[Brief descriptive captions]
****************
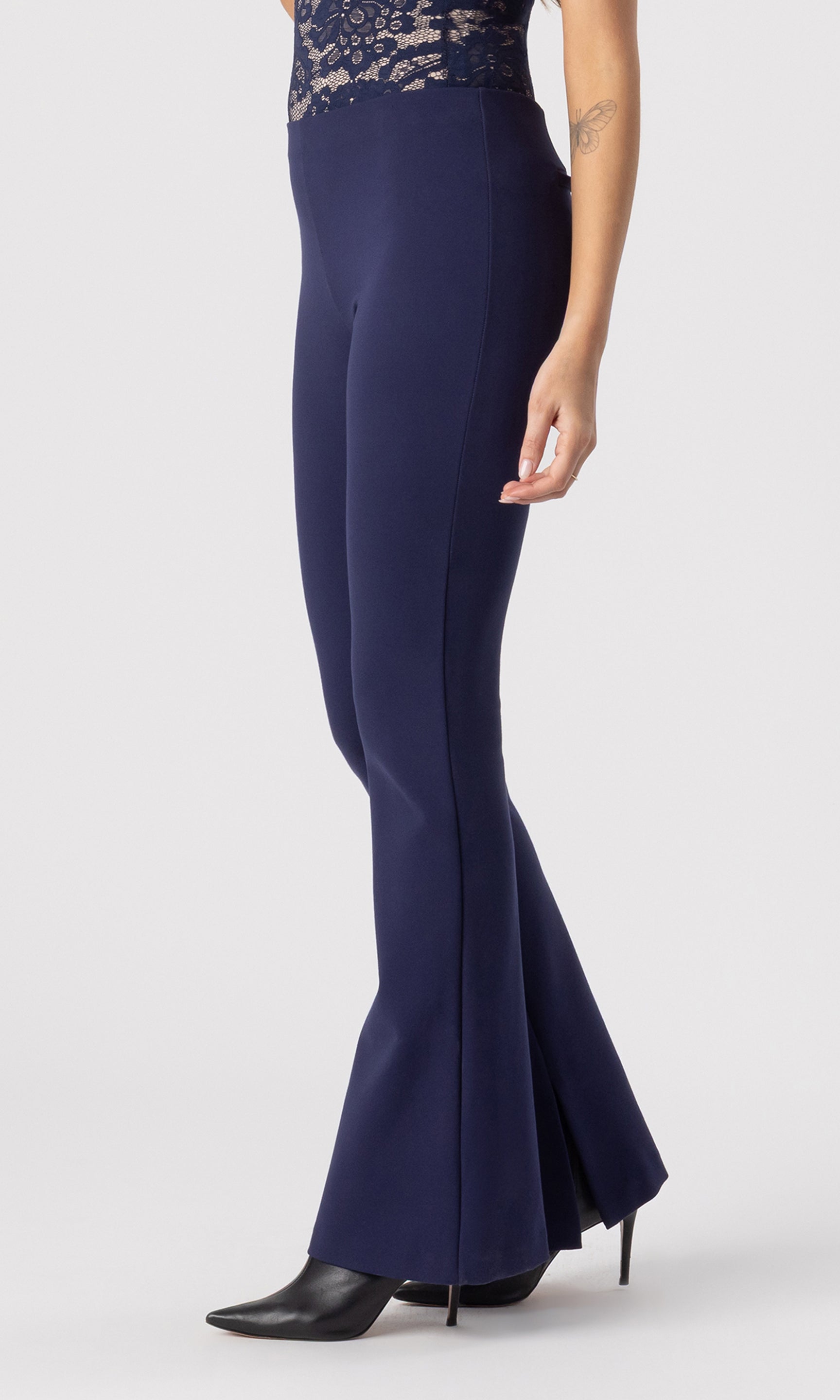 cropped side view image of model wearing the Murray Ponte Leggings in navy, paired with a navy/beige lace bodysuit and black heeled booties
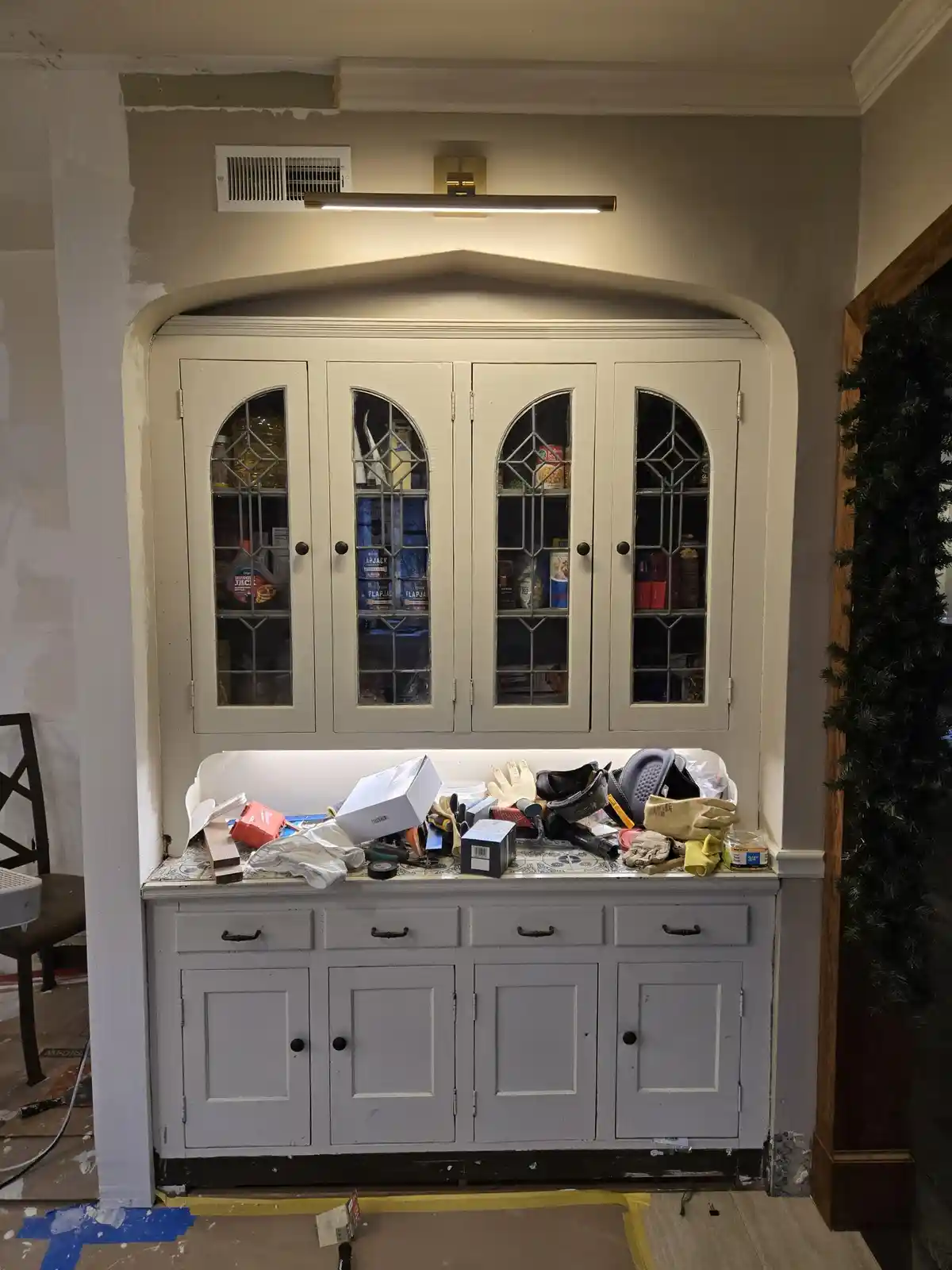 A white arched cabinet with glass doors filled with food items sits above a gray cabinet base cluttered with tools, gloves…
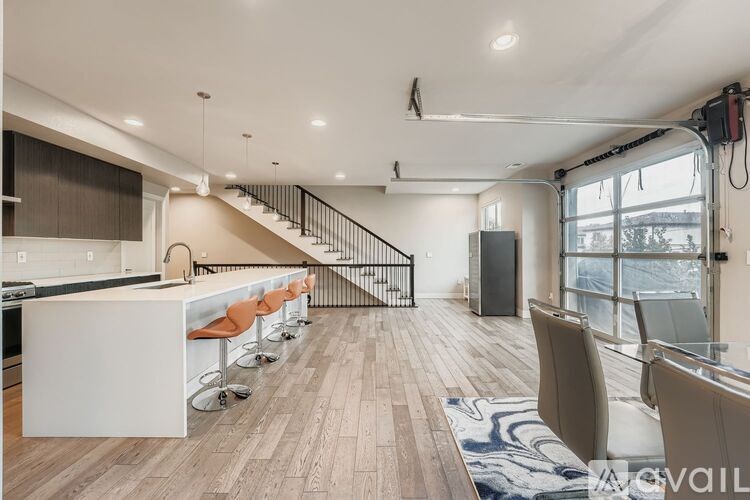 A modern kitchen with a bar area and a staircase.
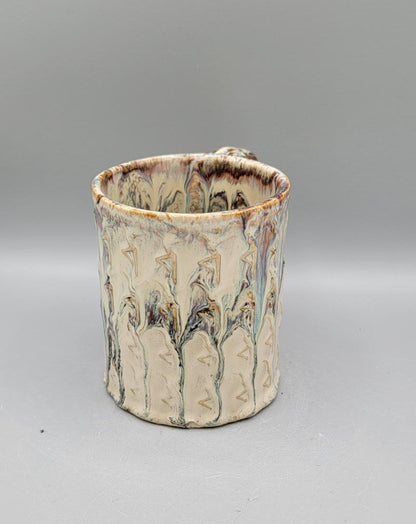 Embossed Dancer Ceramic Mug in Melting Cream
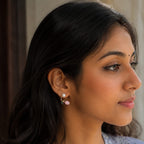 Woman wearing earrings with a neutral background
****************
WORK TASK: Keep the pictures out and write out the records exactly.

ANSWER FOR THIS EXERCISE:
 cropped side view image of model wearing the Murray Ponte Leggings in navy, paired with a navy/beige lace bodysuit and black heeled booties
 A white arched cabinet with glass doors filled with food items sits above a gray cabinet base cluttered with tools, gloves…
 A modern kitchen with a bar area and a staircase.
 Embossed Dancer Ceramic Mug in Melting Cream
 Woman wearing earrings with a neutral background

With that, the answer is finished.